** Stored data **
==*==

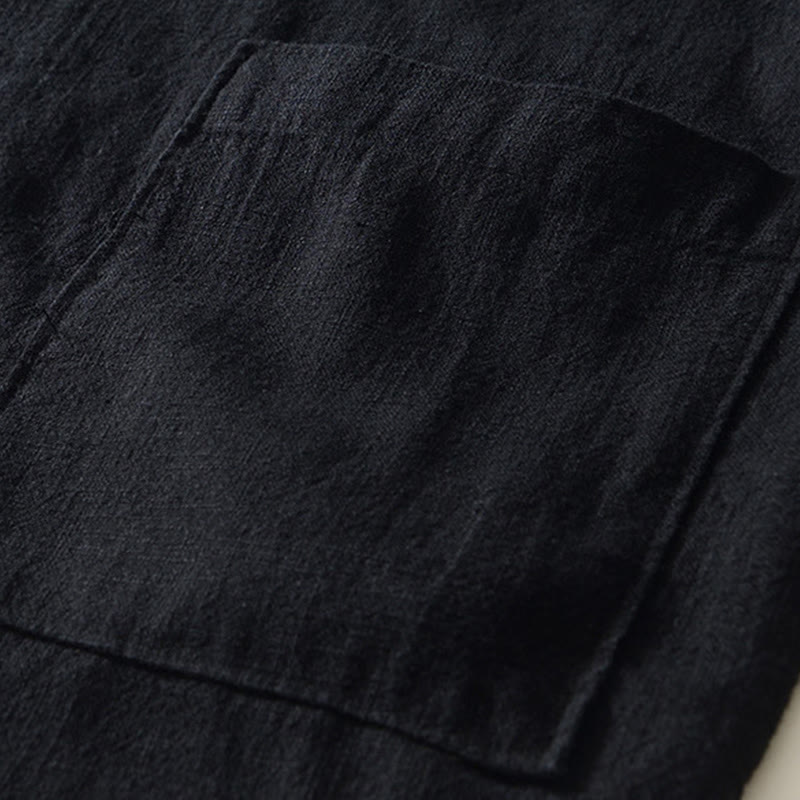 Tactile Ramie Cotton Stand Collar Mindful Men's Shirt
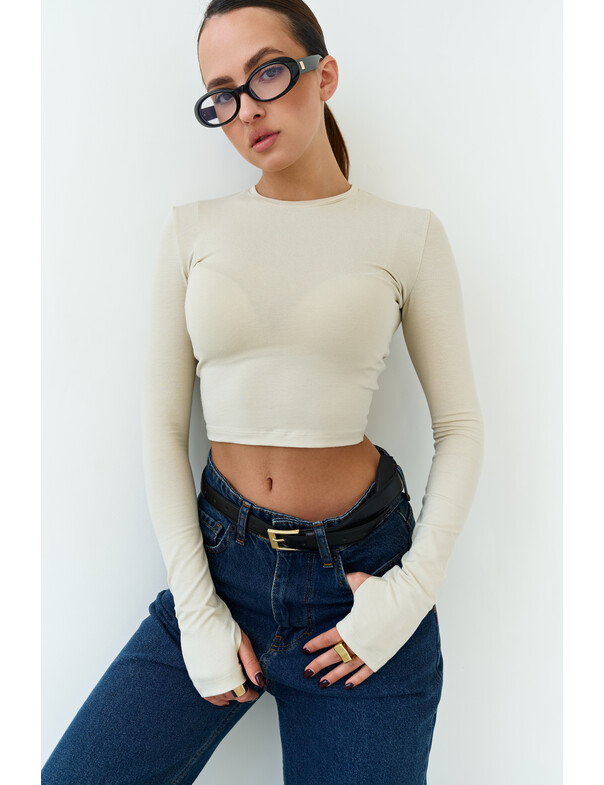 Лонгслів топ з вирізом на пальчик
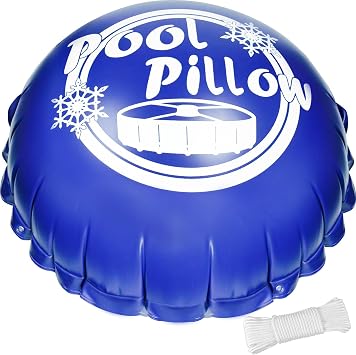 4 x 4 Ft Pool Pillows for Above Ground Pool Winterize Closing Kit for Winter Pool Cover Extra Durable & Cold Resistant 0.4mm PVC 27 Gauge Pool Air Pillow for Winterizing with 50 Ft Rope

==*==

** Action item **
Output the data above exactly; pictures do not belong in the copy.

** Response to the exercise **
 Tactile Ramie Cotton Stand Collar Mindful Men's Shirt
 Лонгслів топ з вирізом на пальчик
 4 x 4 Ft Pool Pillows for Above Ground Pool Winterize Closing Kit for Winter Pool Cover Extra Durable & Cold Resistant 0.4mm PVC 27 Gauge Pool Air Pillow for Winterizing with 50 Ft Rope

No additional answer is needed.